Madiun,” kpk-sigap – Pemerintah Kabupaten (Pemkab) Madiun kembali menggelar program Bahana Bersahaja (Bhakti Harmoni Madiun Bersih, Sehat, dan Sejahtera) pada 14–15 April 2026 di Desa Bancong, Kecamatan Wonoasri, Kabupaten Madiun.
Program ini menjadi upaya pemerintah daerah untuk mendekatkan pelayanan publik sekaligus menyerap aspirasi masyarakat secara langsung. Kegiatan tersebut juga dihadiri Bupati Madiun Hari Wuryanto dan Wakil Bupati Madiun Purnomo Hadi bersama jajaran Forum Koordinasi Pimpinan Daerah (Forkopimda) dan Kepala OPD Pemkab Madiun yang bahkan turut menginap di desa setempat.
Desa Bancong sendiri dikenal sebagai sentra UMKM, khususnya produk kuliner legendaris brem khas Madiun. Olahan fermentasi ketan ini memiliki cita rasa manis-asam dengan sensasi dingin yang lumer di mulut, serta menjadi oleh-oleh ikonik daerah.

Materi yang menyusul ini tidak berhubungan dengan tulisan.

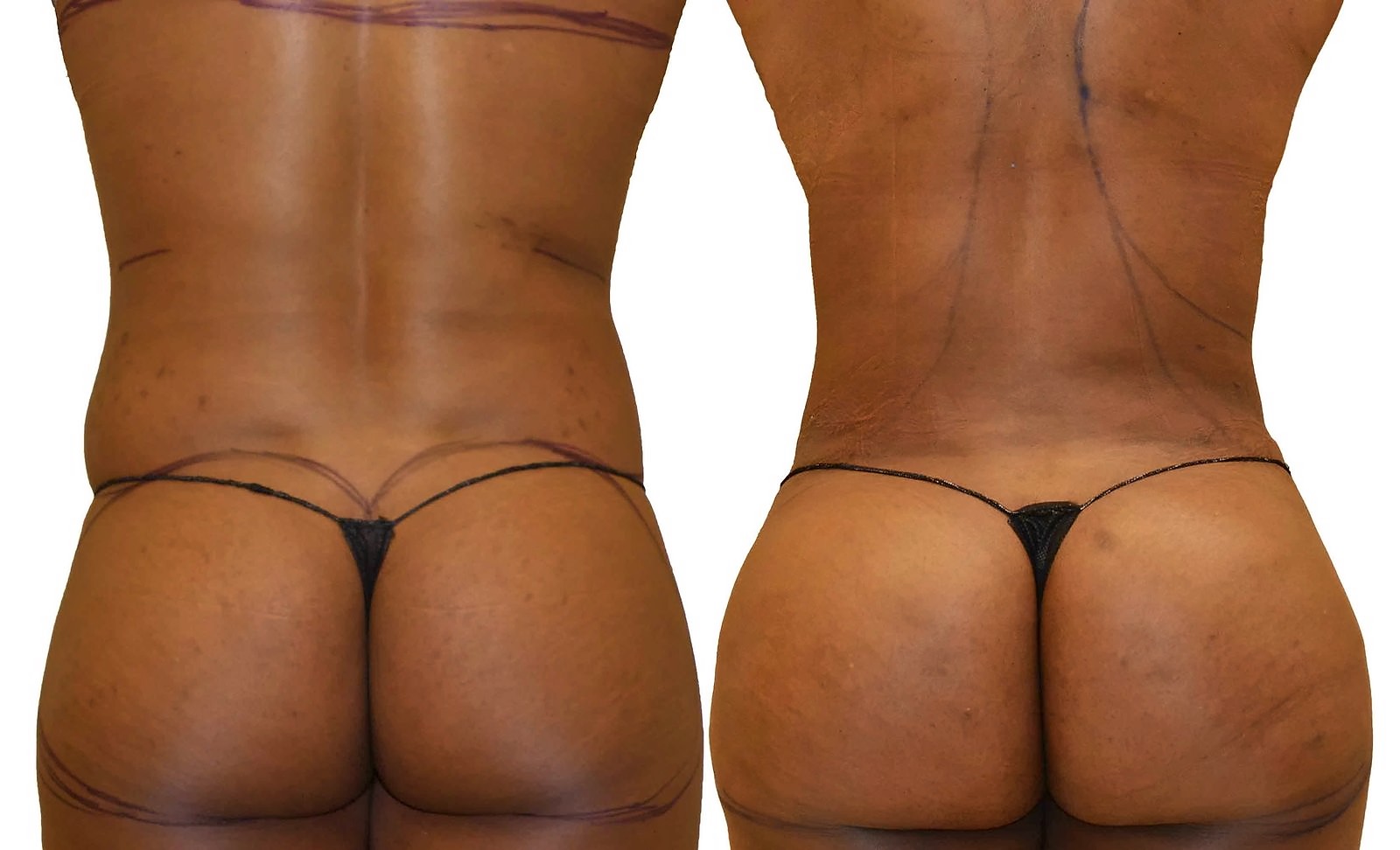 Before/After Fat Transfer, BBL before and after, actual patient of Dr. Long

Kepala Desa Bancong, Ibnu Sudjono, menyampaikan rasa bangga dan terima kasih atas dipilihnya Desa Bancong sebagai lokasi pelaksanaan program tersebut.
“Suatu kehormatan bagi desa kami. Kami mengucapkan selamat datang kepada Bapak Bupati, Wakil Bupati, dan seluruh Forkopimda. Kami mohon maaf apabila dalam pelaksanaan terdapat kekurangan,” ujarnya.

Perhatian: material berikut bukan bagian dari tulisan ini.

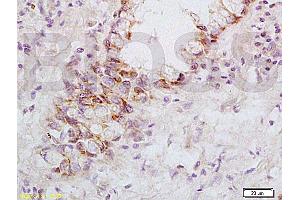 Formalin-fixed and paraffin embedded: human rectal carcinoma labeled with Anti-FasL Polyclonal Antibody, Unconjugated (ABIN726410) at 1:200, followed by conjugation to the secondary antibody and DAB staining (FASL Antikörper  (AA 196-281))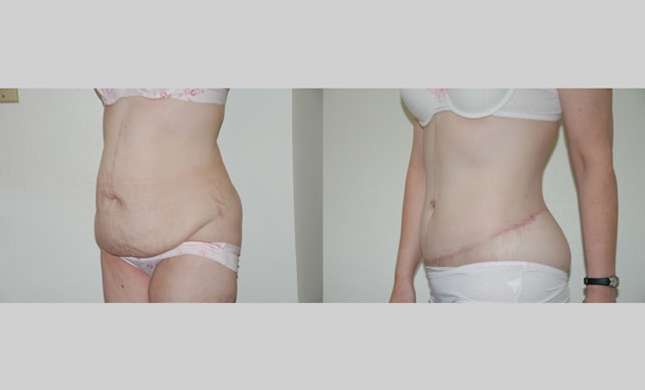 Body Lift: Image #233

Sementara itu, Bupati Madiun Hari Wuryanto mengatakan Bahana Bersahaja merupakan sarana untuk mempererat silaturahmi sekaligus memastikan program pemerintah benar-benar dirasakan masyarakat.
“Kami bersama seluruh OPD dan Forkopimda ingin mendekatkan program secara langsung kepada masyarakat. Melalui sarasehan ini, kita dengarkan persoalan yang ada, dan besok kita kerja bakti bersama serta memberikan solusi,” kata Hari Wur, panggilan akrab Bupati Madiun.
Ia menambahkan, berbagai program strategis turut dihadirkan dalam kegiatan ini, mulai dari program makanan bergizi gratis, pemeriksaan kesehatan gratis, hingga penguatan Koperasi Desa Merah Putih.
Selain itu, pemerintah juga mendorong ketahanan pangan sesuai arahan pemerintah pusat, termasuk upaya swasembada padi, jagung, dan gula. Dengan luas wilayah sekitar 130 hektar, Desa Bancong dinilai memiliki potensi besar mendukung swasembada beras di Kabupaten Madiun.
“Harapannya petani di Desa Bancong tidak mengalami kekeringan. Apa pun kendala yang dihadapi akan kita carikan solusi bersama,” ucapnya.
Tak hanya itu, program lain seperti bedah rumah juga akan direalisasikan guna membantu masyarakat yang membutuhkan. Pada hari kedua, warga juga dapat memanfaatkan layanan pengobatan gratis dengan menghadirkan dokter spesialis.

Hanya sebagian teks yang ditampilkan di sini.